Dataset content -
◇ ◇ ◇ ◇ ◇ ◇ ◇

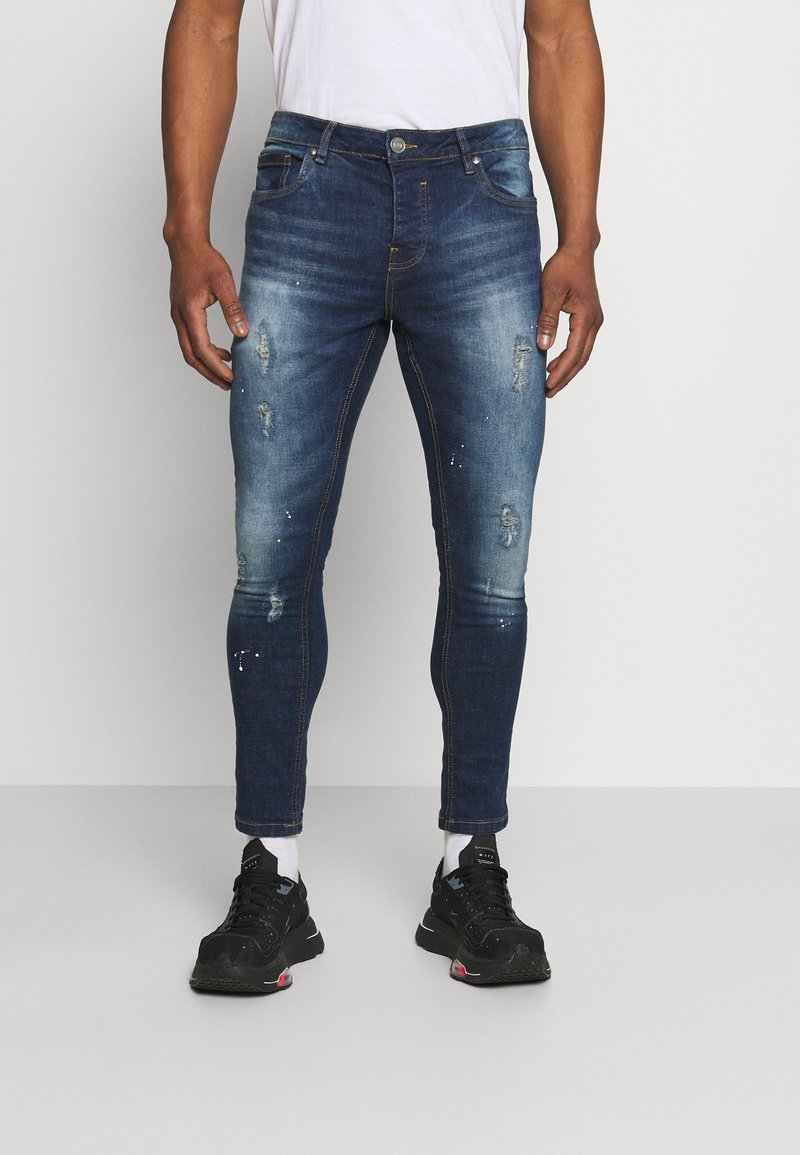 Skinny-fit dark blue jeans, featuring distressed details, a classic five-pocket design, and contrast stitching. Fabric appears denim with slight sheen.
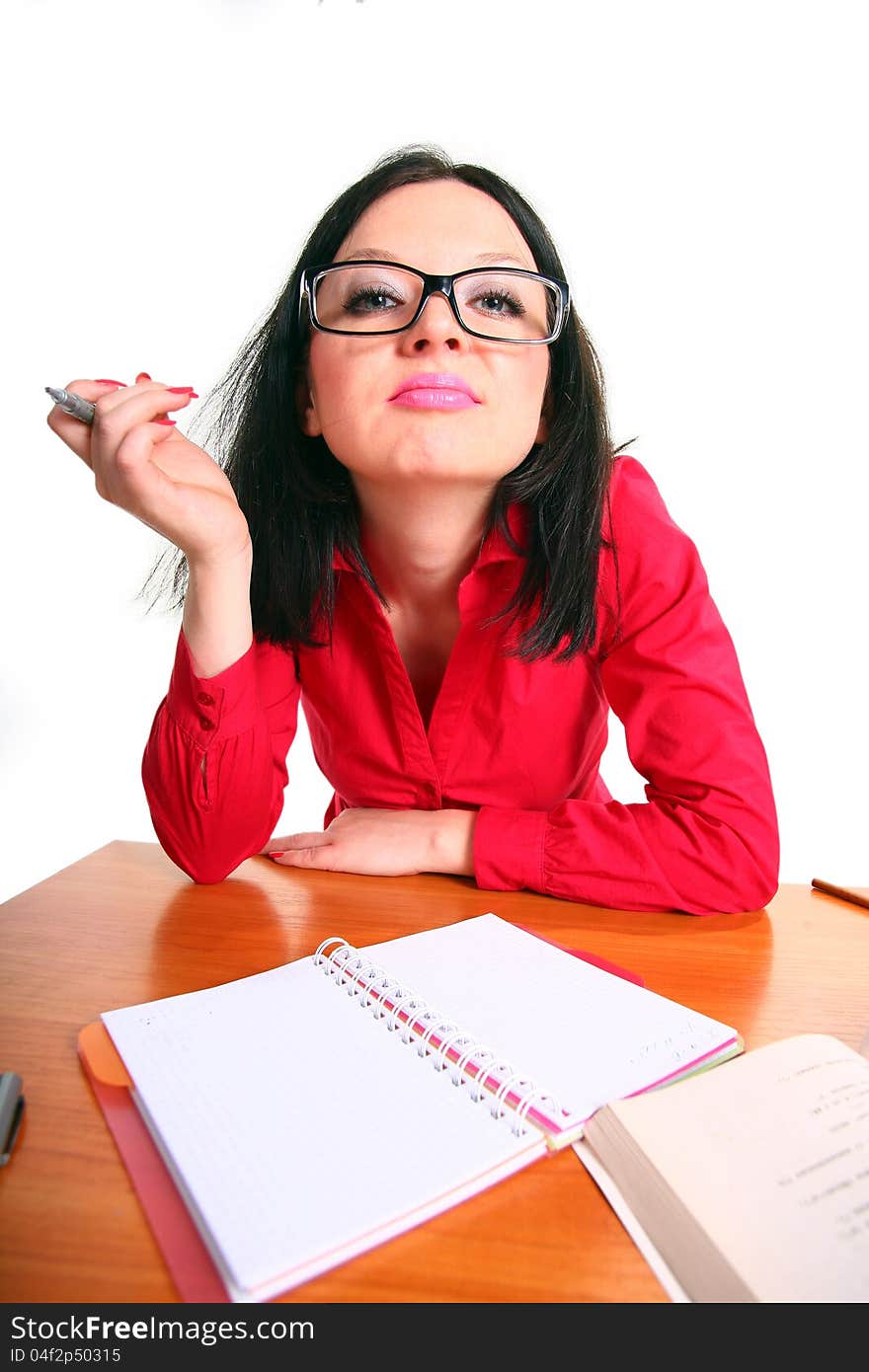 Brunette girl sitting at a table isolated Background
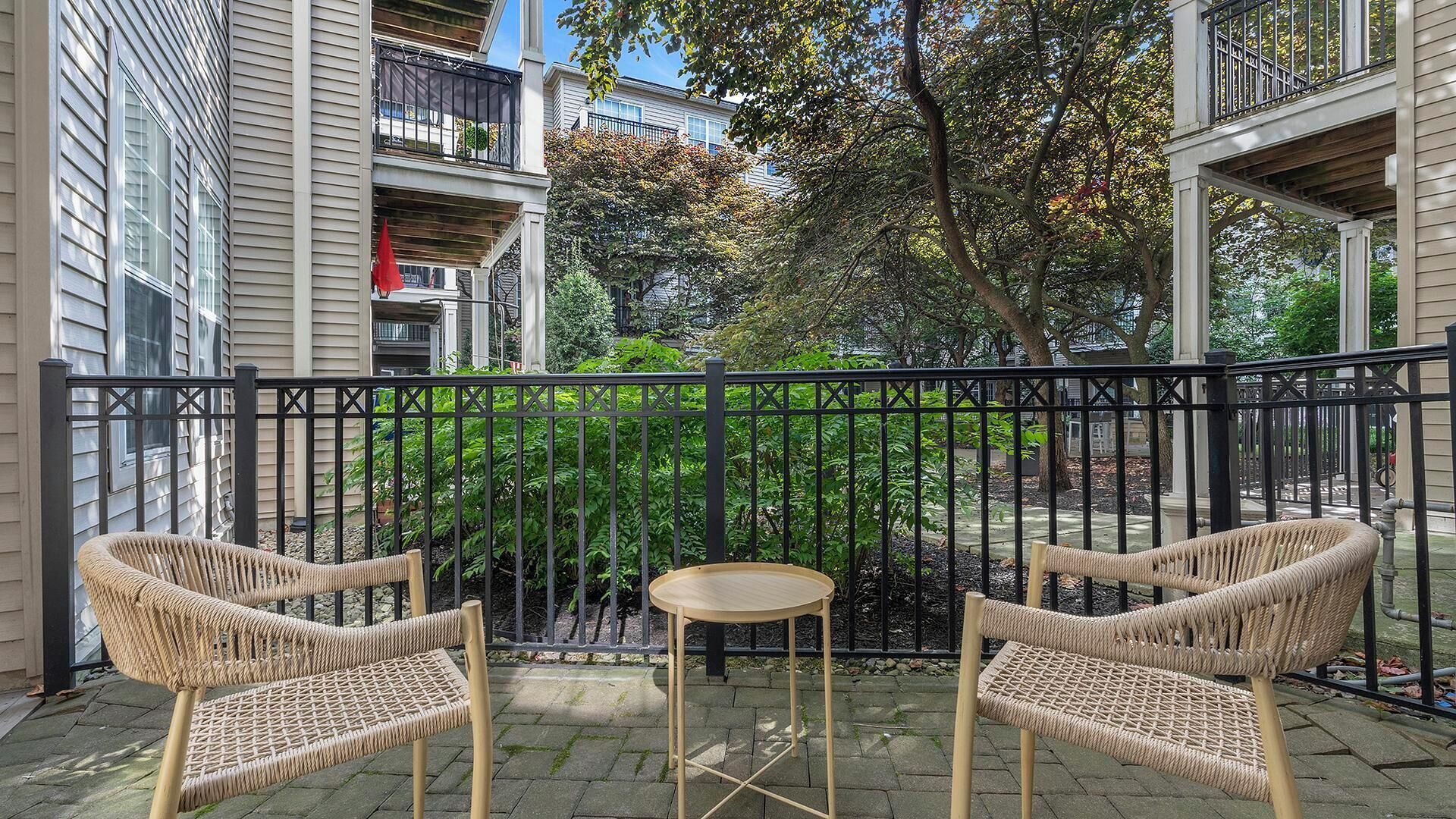Ein Balkon mit Korbstühlen und einem kleinen Tisch, umgeben von einem schwarzen Metallzaun, mit Blick auf einen Garten mit Bäumen und einem Gebäude im Hintergrund.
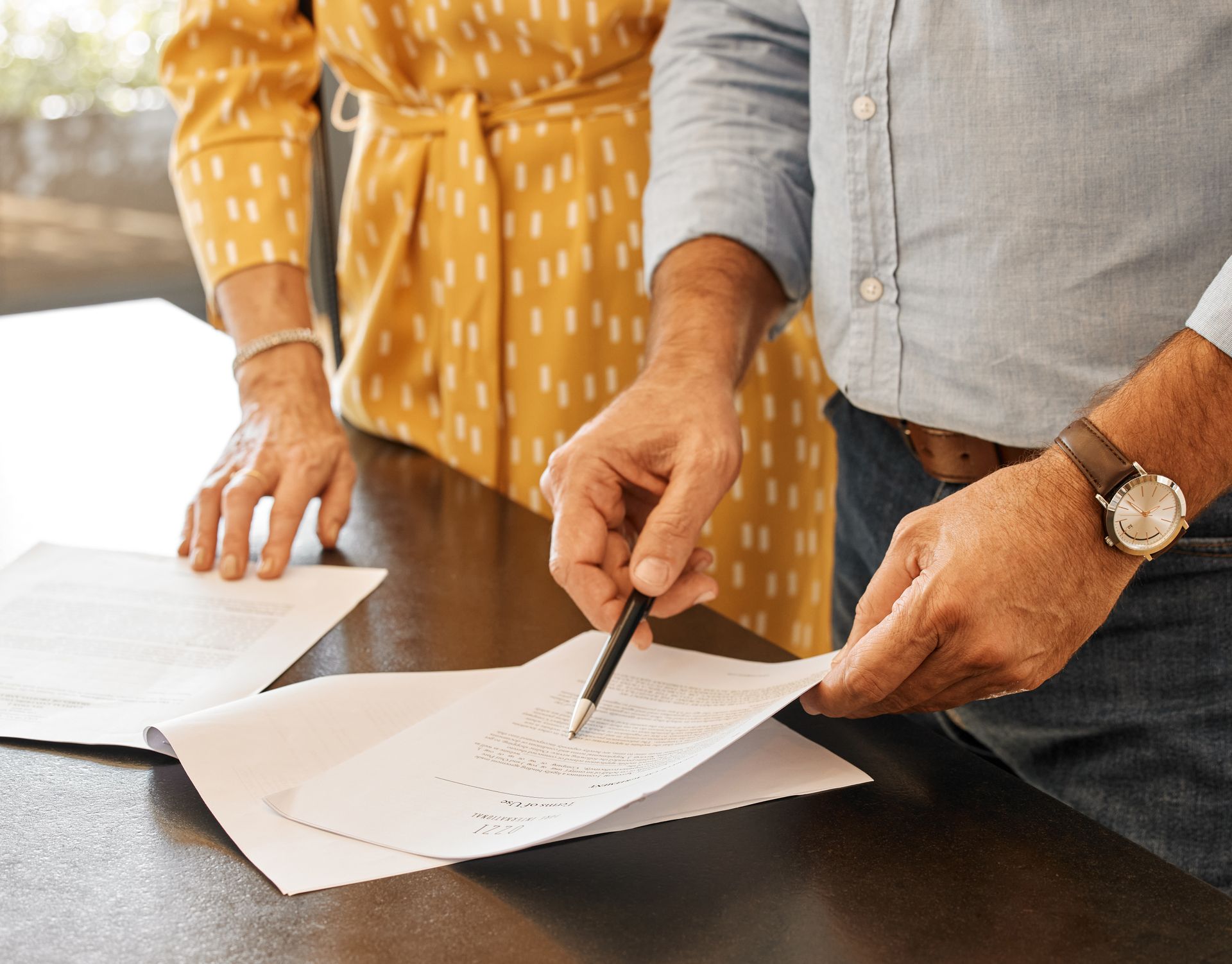 Man pointing at document, woman standing nearby; reading paperwork.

◇ ◇ ◇ ◇ ◇ ◇ ◇

Prompt - The required output is an exact copy of the lines from the one with "Brunette girl sitting" through the final line of the data above, with pictures removed.

Solution to this problem -
 Brunette girl sitting at a table isolated Background
Ein Balkon mit Korbstühlen und einem kleinen Tisch, umgeben von einem schwarzen Metallzaun, mit Blick auf einen Garten mit Bäumen und einem Gebäude im Hintergrund.
 Man pointing at document, woman standing nearby; reading paperwork.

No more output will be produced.